Thursday, 21st January 2010 07:54 AM

I am lucky to live close to the Yorkshire Sculpture Park near Wakefield. The park has grown from small beginnings about 20 years ago to become a major arts venue in the region. As well as changing exhibitions in the grounds and the various galleries there are resident pieces including many by Henry Moore. Even if you don't like modern sculpture the grounds are beautiful, especially the large cedar of Lebannon trees which are scuIptural in themselves. I recently attended the exhibition at the park of stone sculptures by Peter Randall-Page. The exhibition put me in mind of another exhibition at the YSP, of works by Andy Goldsworthy. Both artists take their inspiration from the natural world but channel it in different directions.

Randall-Page’s stone sculptures reveal patterns in nature. Recently he has produced works exploring the Fibonacci series, large organic pieces often resembling over ripe fruit or seeds. They have an internal tension, as if the stone surface is a skin retaining the juice of the fruit or a writhing animal inside (like an organism wriggling under the skin as in a sci fi movie!). This sense of tension gives the pieces a special quality.
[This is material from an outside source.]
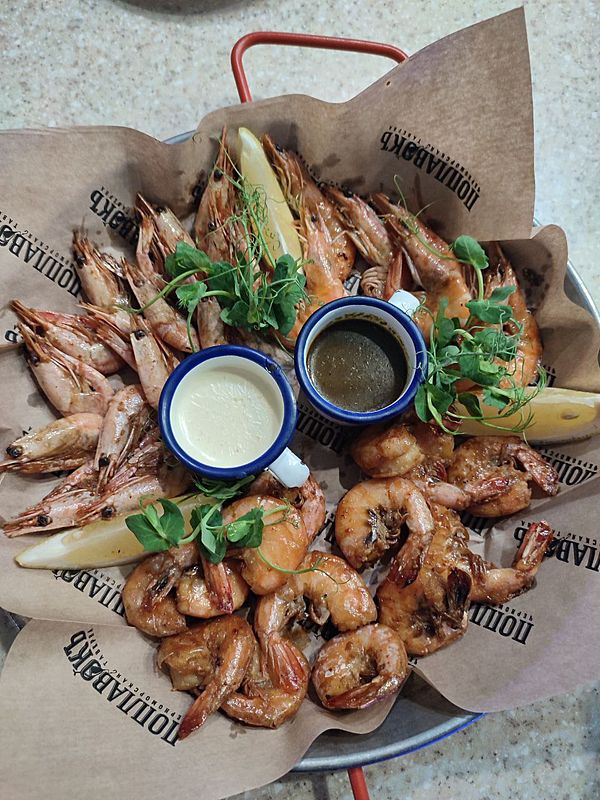 Креветки разные жаренные на рашпере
A similar tension is an important element in both art and design, a thing, whether a picture or piece of furniture can seem dull and lifeless without this quality.

Many of the indoor pieces were in Kilkenny limestone a black sedimentary stone with tiny white fossils lodged in it. The stone was finished to an exquisite matt smoothness, just crying out to be touched or stroked, unfortunately forbidden by the watchful attendants!

Some of the patterns Randall-Page creates are similar to those seen in the Secret Life of Chaos recently shown on BBC4.

I don’t think I have met anyone who doesn’t like the work of Andy Goldworthy. His back to nature approach to art seems to appeal to something inside all of us. While Randall-Page works to reveal the patterns in nature Goldsworthy works with nature but uses it to impose an order. He uses found objects, leaves, sticks icicles etc to impose an order on nature. He achieves this by ordering the objects into incongruous shapes or forms, a line of leaves pinned together in a stream, a pile of stones forming a perfect sphere, a perfect tapered curve of clear water in the chaos of leaves floating in a pool. A common theme is the hole in a surface or a clear space in a chaotic surrounding, in one room of the underground gallery he had created a hanging curtain across the whole gallery made from the stalks of horse chestnut leaves, pretty amazing in itself, but in the curtain was a carefully defined hole. In another room he had built a structure from woodland thinnings, looking out the rectangular doorway provided a contrast to the interweaved trunks. Also in the underground gallery were a set of "stone domes". Domes assembled from flat sandstone, each with a small hole at the top, again this recurring motif (see link below).

In another gallery were “paintings” created in or by nature. A series of sheep "paintings" where he laid a sheet of paper or canvas down where sheep congregate in a field and leave their hoof prints, a covered area (covered perhaps by a sheep lick) is left untrampled, again leaving a clear space in a chaotic surrounding.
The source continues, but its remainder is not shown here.